Cory Doctorow on BoingBoing: France may soon enact the worst copyright law in Europe, sneaking it through in a legislative session scheduled for December 22 and 23.
Europe's equivalent to the US Digital Millennium Copyright Act (DMCA) is a controversial directive called the EUCD. Each EU state is responsible for implementing the minimum set of EUCD restrictions (which are far from minimal!) but each state can exceed the minimum, and the entertainment lobby pushes hard to see to it that they do. They've run amok in France, subverting the lawmaking process with a farcical wish-list of penalties, mandates and software bans.
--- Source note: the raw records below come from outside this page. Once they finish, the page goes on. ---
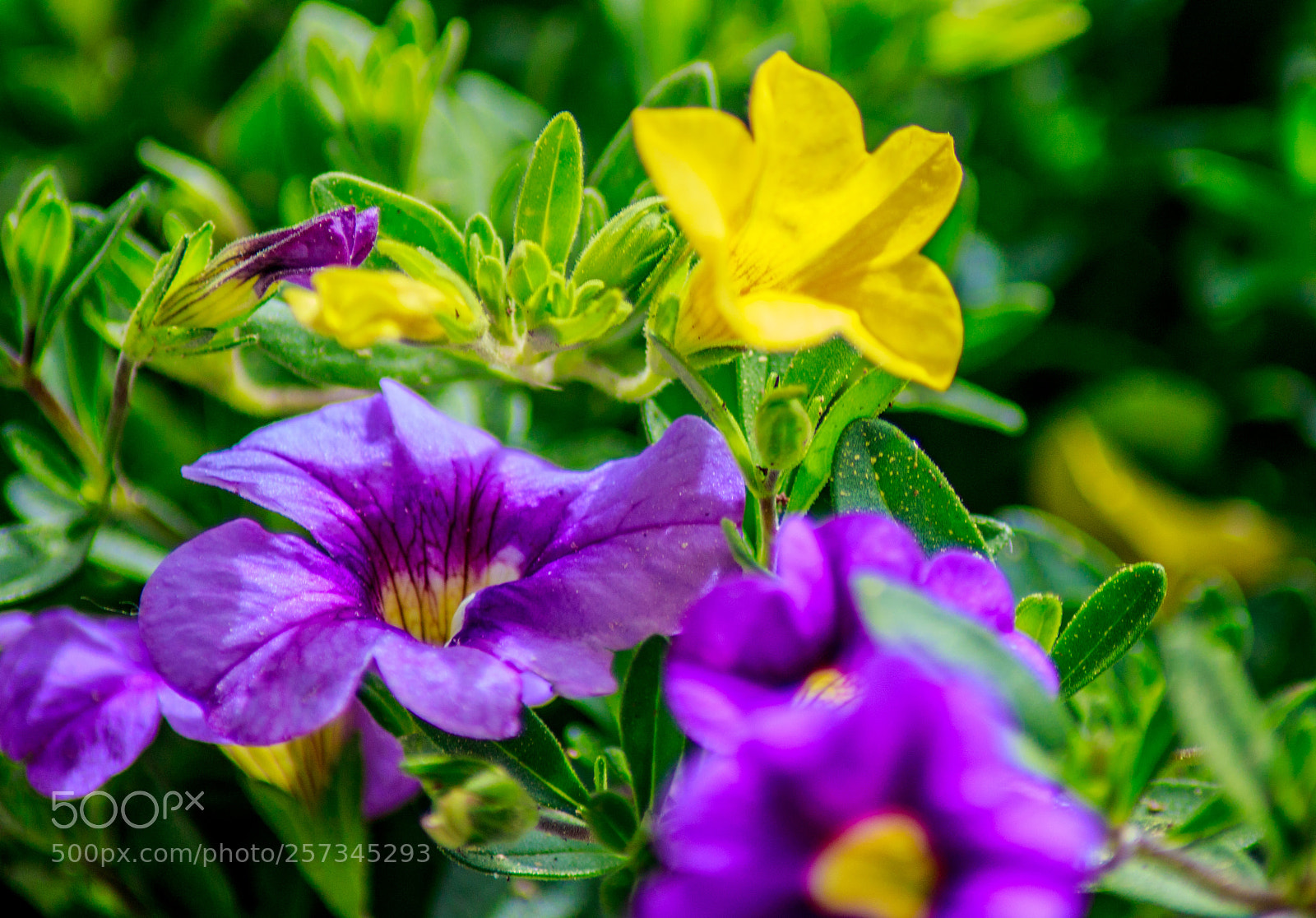 Canon EOS 6D Mark II sample photo. Flower power photography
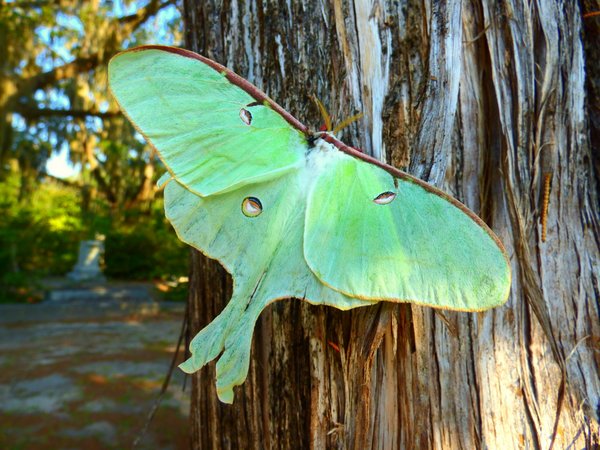 moth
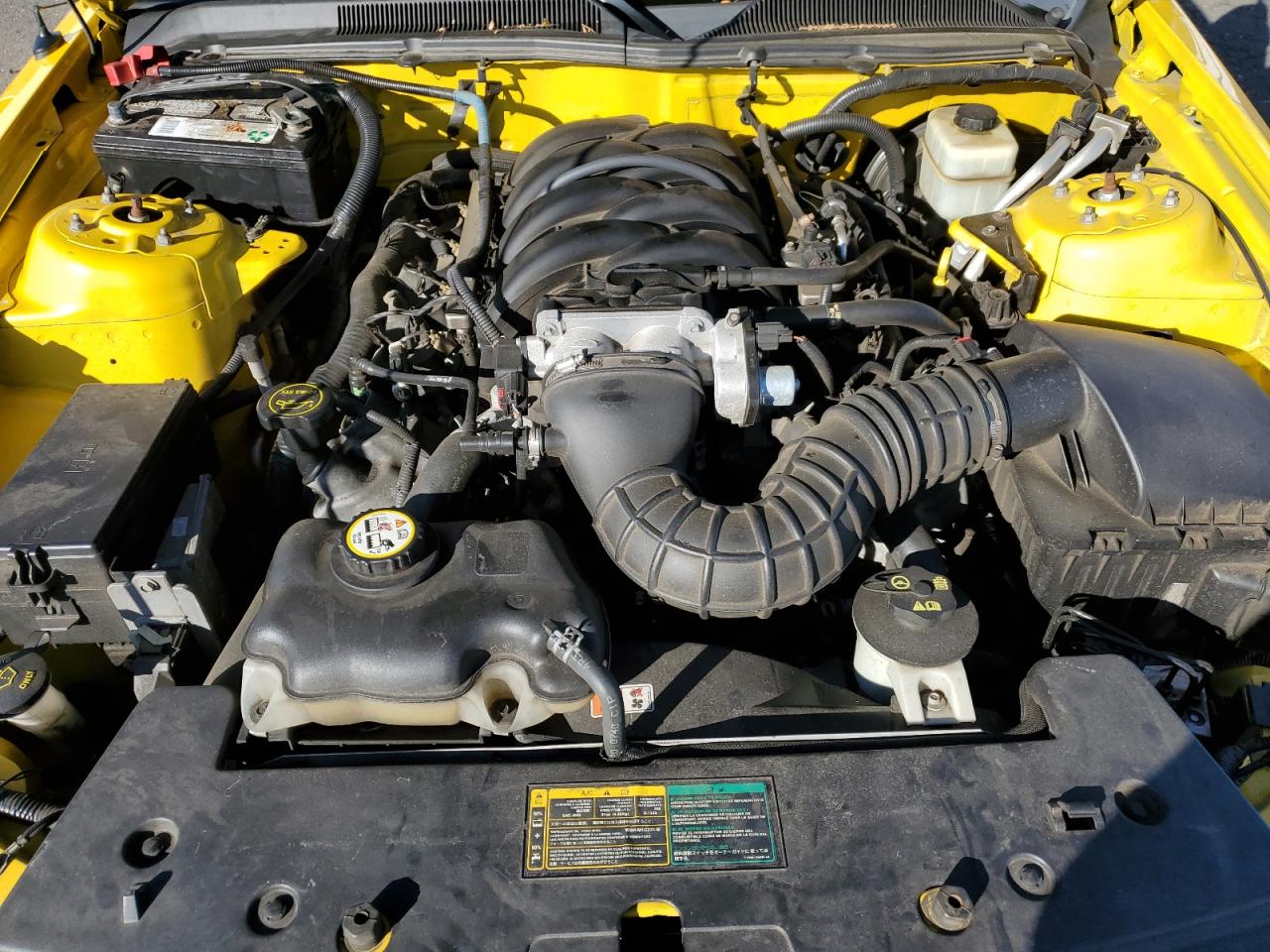 2006 Ford Mustang Gt VIN: 1ZVHT82H065248026 Lot: 85558645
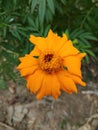 Beautiful Indian merigold orange flower Royalty Free Stock Photo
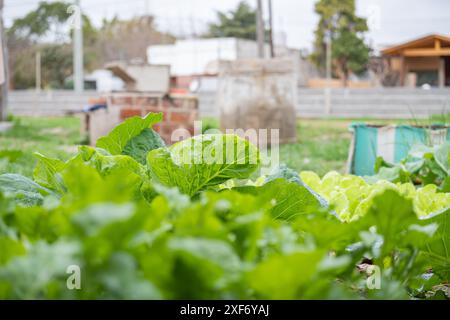 Urbaner, hausgemachter Gemüsegarten aus recycelten Produkten. Stockfoto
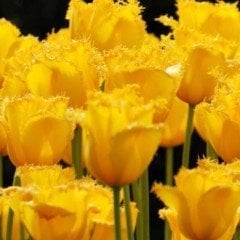 Sarı Fırfırlı Maja Koyu  Lale Soğanı(4 Soğan)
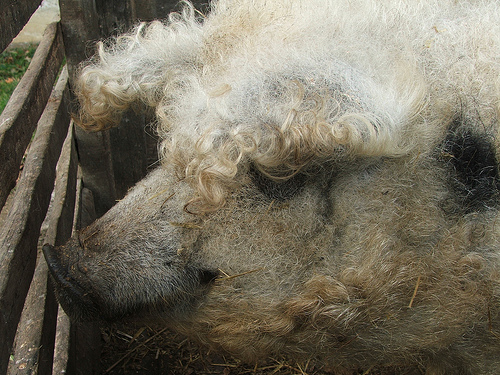 palinka-mangalica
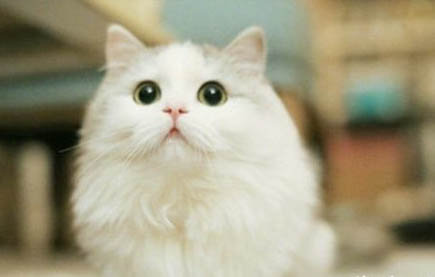 怎么分小猫公母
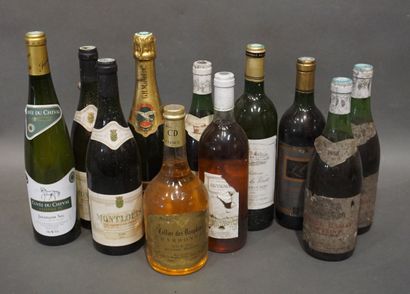 Manette de vins et champagnes divers, Jurançon,...
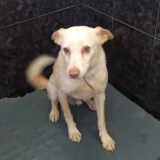 Adopta a Pau, Perrito En Adopción Tlf 645978718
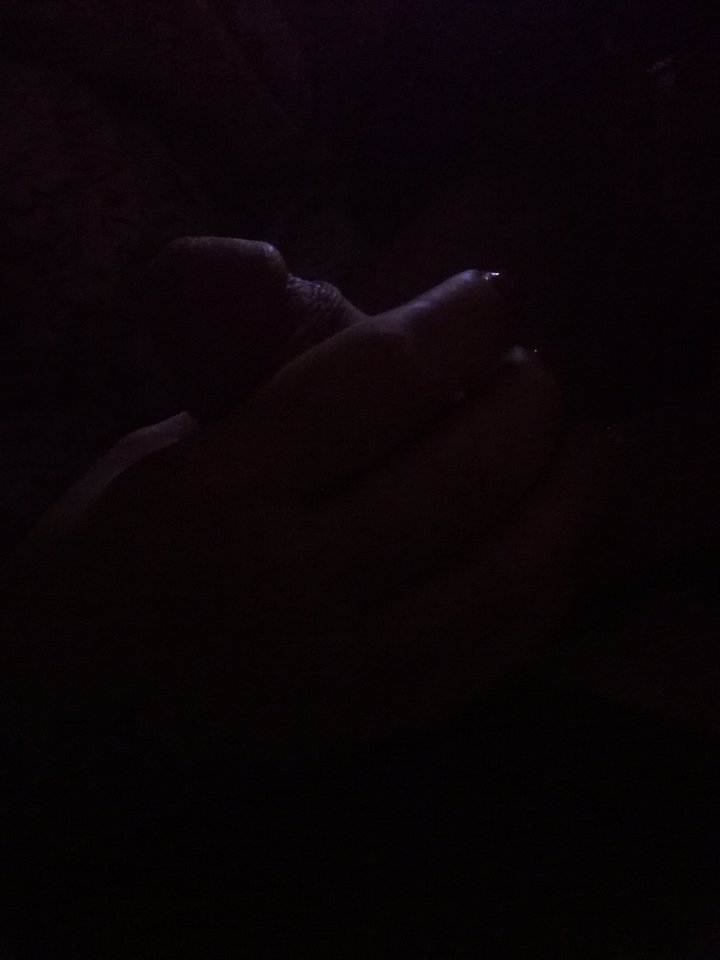 IMG_20180808_000916.jpg - Losmentos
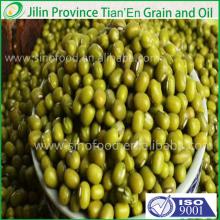  Export  organic ground green mung beans popular with buyer
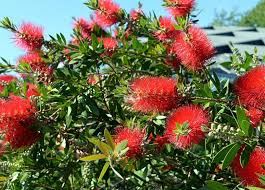We also carry different types of palm trees. 22 Plants That Attract Butterflies In Florida Florida Butterfly Gardening 101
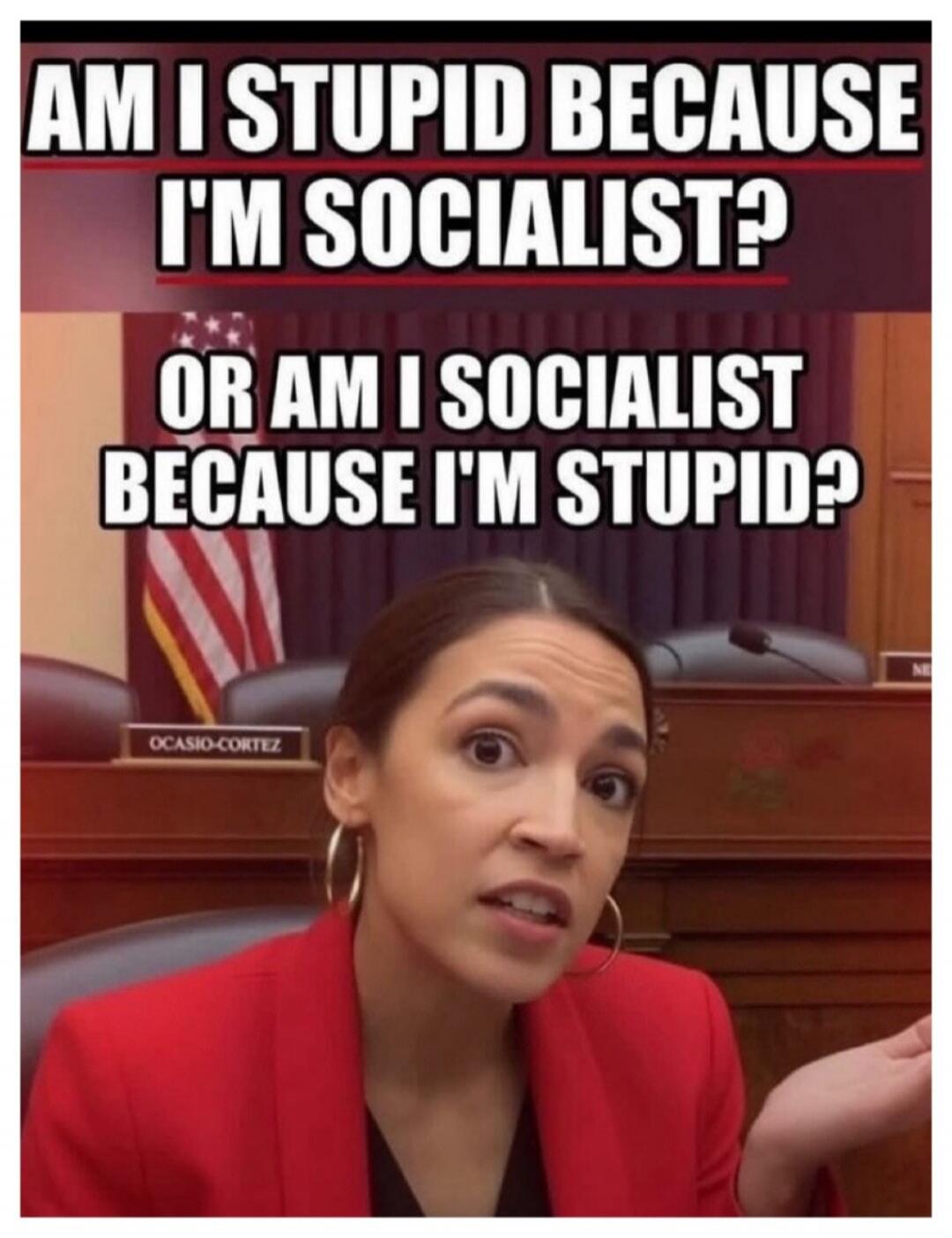 AM I STUPID BECAUSE I'M SOCIALIST? OR AM I SOCIALIST BECAUSE I'M STUPID?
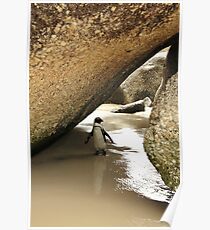 Jackass Penguin Poster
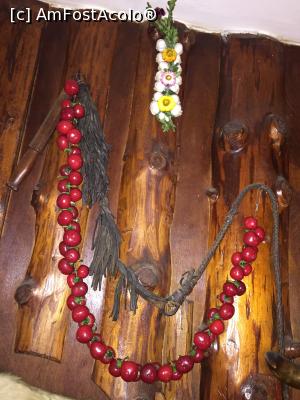 [P09] Funia de rosii » foto by Dan&Ema
 - 
<span class="allrVoted glyphicon glyphicon-heart hidden" id="av804116"></span>
<a class="m-l-10 hidden" id="sv804116" onclick="voting_Foto_DelVot(,804116,10730)" role="button">șterge vot <span class="glyphicon glyphicon-remove"></span></a>
<a id="v9804116" class=" c-red"  onclick="voting_Foto_SetVot(804116)" role="button"><span class="glyphicon glyphicon-heart-empty"></span> <b>LIKE</b> = Votează poza</a> <img class="hidden"  id="f804116W9" src="/imagini/loader.gif" border="0" /><span class="AjErrMes hidden" id="e804116ErM"></span>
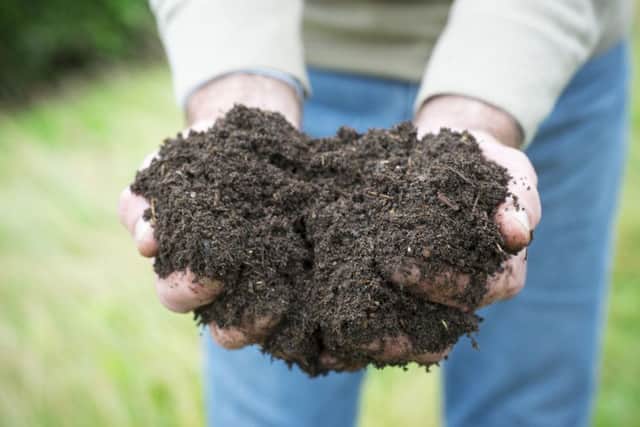 Brian's tips for composting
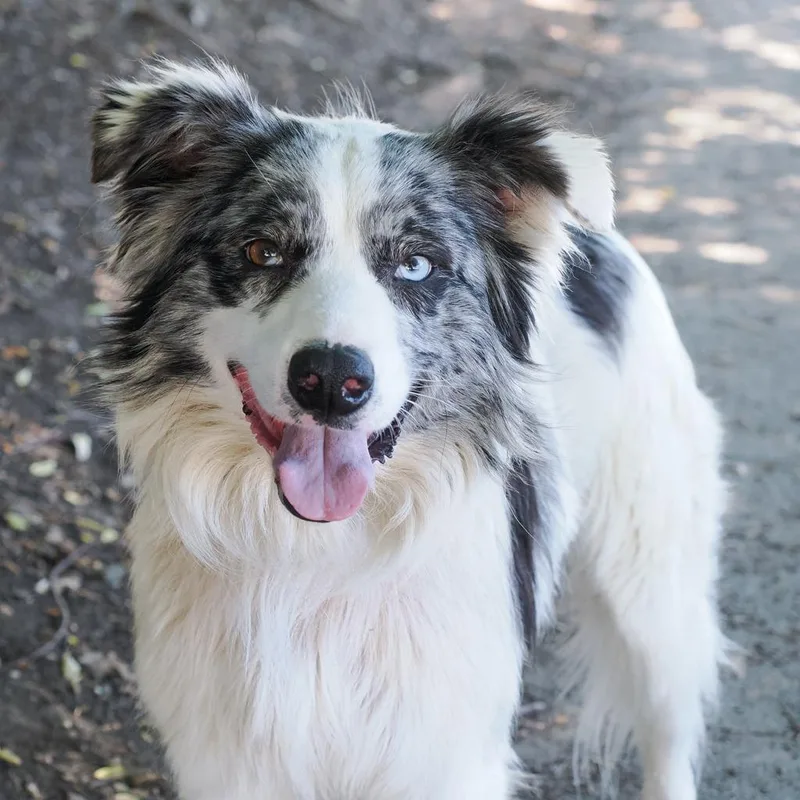 Bandit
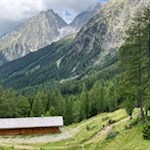 Der schmale Wanderweg Nr. 11 führt auf den Staller Sattel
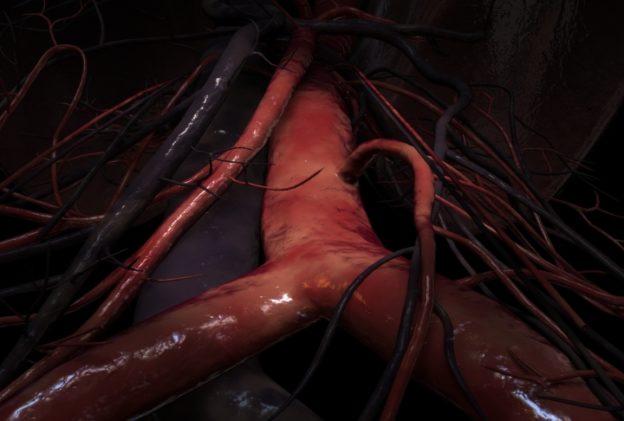 Abdominal aorta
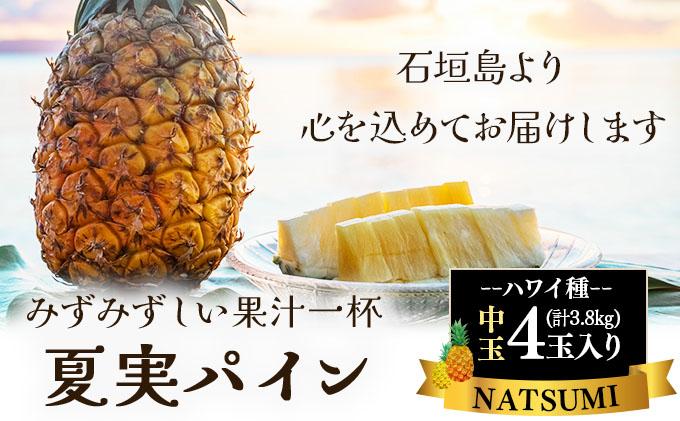 縲仙郁。御コ育エ縲醍浹蝙」蟲カ逕」 螟丞ョ溘ヱ繧、繝ウ (繝上Ρ繧、遞ョ) 荳ュ邇4邇 邏3.8kg縲2026蟷エ7譛井ク区流逋コ騾√九 逕」蝨ー逶エ騾 豐也ク 遏ウ蝙」 繝輔Ν繝シ繝 繝代う繝翫ャ繝励Ν 繝代う繝ウ 繝上Ρ繧、 螟丞ョ溘ヱ繧、繝ウ 縲全I-125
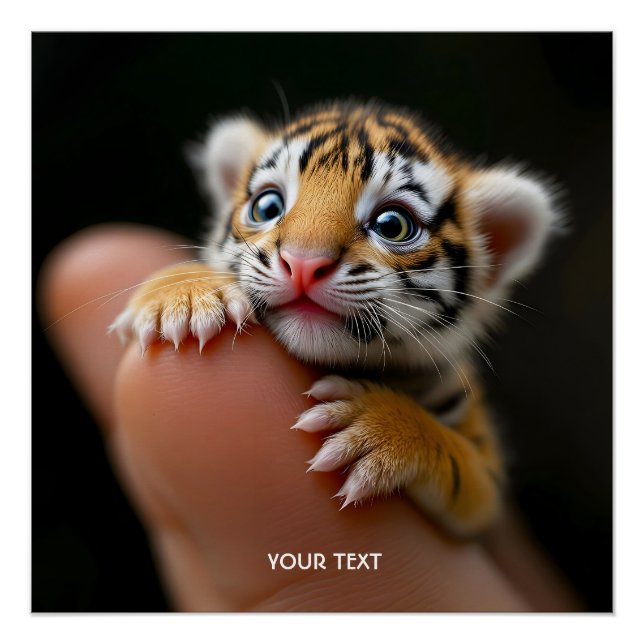Póster Fantasía Dedo Bebé Tigre (Anverso)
Copyfighters in France have published a detailed alert in French; what follows is a loose, machine-assisted translation (substantive corrections gladly sought):
* A prohibition on all software that permits transmission [disposition is unclear without greater context] of copyrighted material that does not integrate both a watermark and DRM
* A prohibition on marketing or advertising such software
* These prohibitions include legal sanctions
* DRM mandates for digital radio transmission
* A universal wiretapping system for private communication [This is defined elsewhere as a system to check for, say, music files attached to email messages, and not one that would violate the "secret of private correspondence".]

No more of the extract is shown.